Se só tiver tempo para uma das duas casas, escolha a Casa Svrzo: é maior, melhor preservada, mais completamente mobilada, e a divisão entre selamlik e haremlik que mostra é a peça mais distintiva de arquitetura doméstica otomana. A Casa Despić ganha o seu lugar como segunda paragem, depois de a Casa Svrzo lhe dar algo com que a comparar, e não como substituta. Nenhuma das casas deve ser encaixada numa agenda apertada como um intervalo garantido de trinta minutos — deixe margem para o horário ter mudado, e tenha a mesquita, a igreja ou a sinagoga próximas como alternativa caso encontre a porta fechada.

Casas otomanas em Saraievo: as suas perguntas respondidas

Qual é a diferença entre a Casa Svrzo e a Casa Despić?

A Casa Svrzo (Kuća Svrzo) foi a casa, no século XVIII, de uma abastada família muçulmana, construída em torno de um pátio murado com uma zona de receção masculina (selamlik) separada dos aposentos da família (haremlik). A Casa Despić (Kuća Despić) foi a casa de uma família de mercadores sérvios ortodoxos do século XIX, organizada como um único agregado, sem essa divisão. Ver as duas seguidas é precisamente o interesse: duas plantas, duas formas de organizar uma família e um lar, a poucas ruas de distância.

Quais são os horários da Casa Svrzo e da Casa Despić?

Ambas são geridas pelo Museu de Saraievo e têm horários curtos e sazonais, tipicamente algumas horas nas manhãs e tardes de dias úteis e de sábado, encerrando aos domingos e feriados. Os horários mudam com a estação e nem sempre estão publicados online, por isso confirme no próprio dia noutro espaço do Museu de Saraievo, como a Vijećnica, ou pergunte no seu alojamento antes de atravessar a cidade para visitar qualquer uma das casas.

Quanto custa visitar a Casa Svrzo?

A entrada na Casa Svrzo e na Casa Despić custa poucos marcos convertíveis cada, com tarifa reduzida para estudantes e crianças. Nenhum dos museus aceita cartão de forma fiável, por isso leve notas e moedas de KM.

O que é um selamlik e um haremlik?

Num lar muçulmano da era otomana, o selamlik era o espaço onde o chefe de família recebia visitas e tratava de negócios, enquanto o haremlik era a área privada de convivência da família, usada por mulheres, crianças e parentes próximos. A Casa Svrzo mantém ambos intactos, ligados por uma passagem coberta, o que torna a subida a partir da Baščaršija recompensadora.
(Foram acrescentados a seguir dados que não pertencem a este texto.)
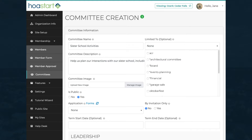Once you finish creating your committee, you'll see that the system automatically will create a tag for it and add it to the profile of each committee member and leader. The tag will display an asterisk to show that it represents a committee, just like these existing entries in the Limited To drop-down menu.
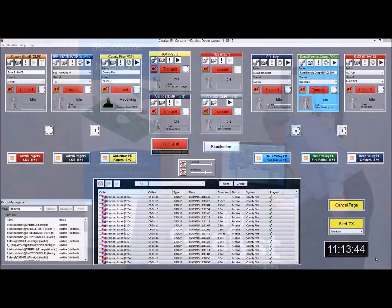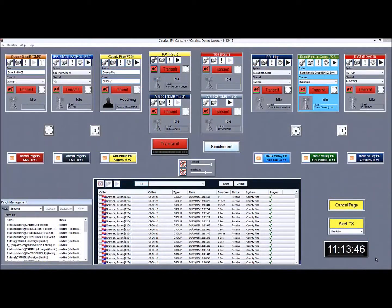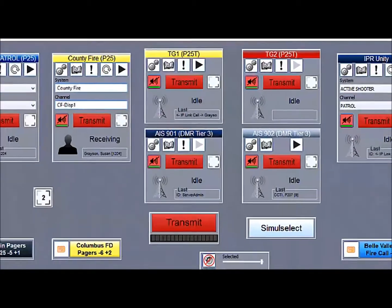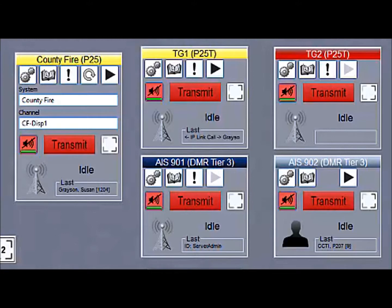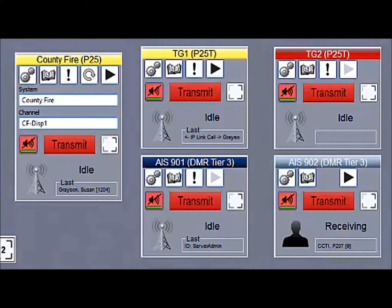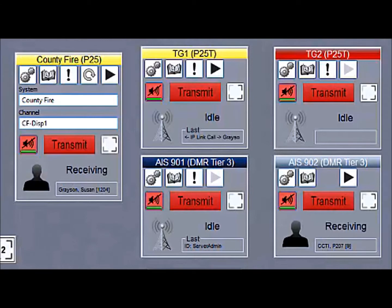We're going to demonstrate now the Tier 3 AIS capabilities of the console. You'll see that we're going to transmit. We are receiving both on the field radio and on the module, on the console screen, the caller ID of the incoming radio.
Como chego à Casa Svrzo a partir da Baščaršija?

Ambas as casas ficam a cinco ou dez minutos a pé, a subir, a partir do Sebilj, nas tranquilas ruas residenciais a norte do bazar. Não há paragem de elétrico ou autocarro mais próxima do que a própria Baščaršija, e as ruas são de calçada e por vezes íngremes, por isso calçado confortável importa mais do que um mapa.

Vale a pena visitar a Casa Despić depois de já ter visto a Casa Svrzo?

Sim, e idealmente no mesmo dia. A Casa Despić é mais pequena e menos visitada, e o seu valor está na comparação: sem a Casa Svrzo como referência, a organização e o mobiliário da casa mercantil ortodoxa dizem muito menos por si só.

Posso combinar estas casas com outros museus numa única visita?

Ambas são compactas, trinta a quarenta e cinco minutos cada, e ficam a curta distância a pé da Mesquita Gazi Husrev-beg, da Antiga Igreja Ortodoxa e da Sinagoga de Saraievo, encaixando-se naturalmente numa manhã dedicada à diversidade religiosa de Saraievo, mais do que funcionando como destino por si só.